Российский вариант самобытного пути зиждется на культе государства вне зависимости от того, работает ли оно качественно и эффективно. В отечественной политической культуре оно обожествлено. От него ждут помощи, милости, от него готовы терпеть часто несправедливые наказания. Настанет ли когда-нибудь миг, когда общество осознает, что государство – не ниспосланное Всевышним чудо, а простой инструмент (молоток или станок), служащий для удовлетворения потребностей и желаний человека.
Экономист Александр Аузан приводит фразу Бердяева: «Между февралем и октябрем 17-го года перед изумленным русским взглядом прошли все возможные партии и идеи. Что же выбрал русский человек? То, что имел до этого. Царя и державу». И далее Аузан продолжает: «Похоже на прямую аналогию. В 2003-м мы выбираем царя (понятно кого. – А.М.), в 2008-м державу». Рискну поправить и того, и другого: мы, как народ, сами ничего не выбирали. Мы смотрели, как выбирают за нас. Не верите? Но ведь в октябре 1917 года выбор сделали несколько десятков большевиков, воспользовавшись пассивностью, кто-то скажет, невежеством народа. В начале XXI века основой невыбора стали усталость, жажда стабильности. Лень населения всегда используют алчущие власти и денег пройдохи и авантюристы. Они не ленивы. Отдать им власть легко, взять обратно – очень трудно.

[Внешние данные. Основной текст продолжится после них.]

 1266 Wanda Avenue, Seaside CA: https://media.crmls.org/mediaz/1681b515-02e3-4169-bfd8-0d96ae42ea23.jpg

В результате сегодняшнее российское государство служит крышей для чиновничьей номенклатуры, уважительно именуемой правящим классом. Она, номенклатура, на этом пути прекрасно устроилась, паразитируя на идее самобытности. К тому же самобытность есть удобный и изящный рычаг для манипулирования общественным сознанием. Апеллируя к ней, можно со спокойной совестью игнорировать чужой опыт развития, пусть он и оказывается успешнее собственного, посконного. Выступая за самобытный путь развития, власть имплицитно дает самой себе индульгенцию на скрытую деградацию страны. Для людей становится близким желание остаться прежними, такими, какими мы были всегда. Это своего рода психологическая защита от разного рода инноваций и модернизаций. Здесь уместен вопрос знаменитого юмориста: зачем нам вперед идти, когда весь опыт сзади? Сказанное им еще при советской власти слово сохраняет свою актуальность и при постсоветской.

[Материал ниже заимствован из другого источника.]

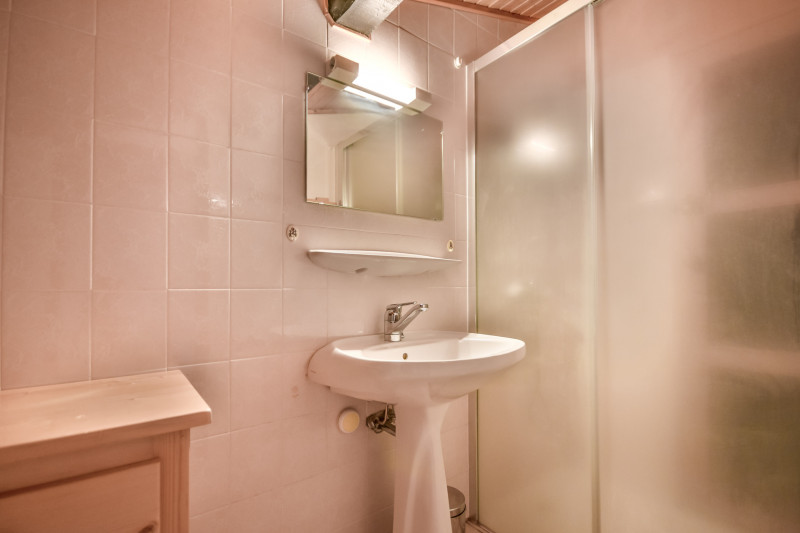 _lv_images__lot_0020392215_10_19224129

Но давайте, согласившись с президентом, что следовать нацпути надо, все же спросим его: а был ли когда-нибудь у России такой путь? Может, его и не было. Тогда зачем создавать миф и бежать вслед за ним? Если был, то куда мы, следуя по нему, пришли? Нелюбимый Кремлем Александр Николаевич Яковлев, завершая свои «Сумерки», писал, что Россия все время «мечется в поисках дороги к свободе и процветанию. Бежим к свету, а попадаем в темноту. В чем же дело?».
Впрочем, однажды мы ходили самобытным путем строительства коммунизма. Советский нацпуть завел нас туда, куда завел. История может повториться: песенка «куда идем мы с Пятачком – большой, большой секрет» по-прежнему жизнерадостно реет над просторами любимой родины.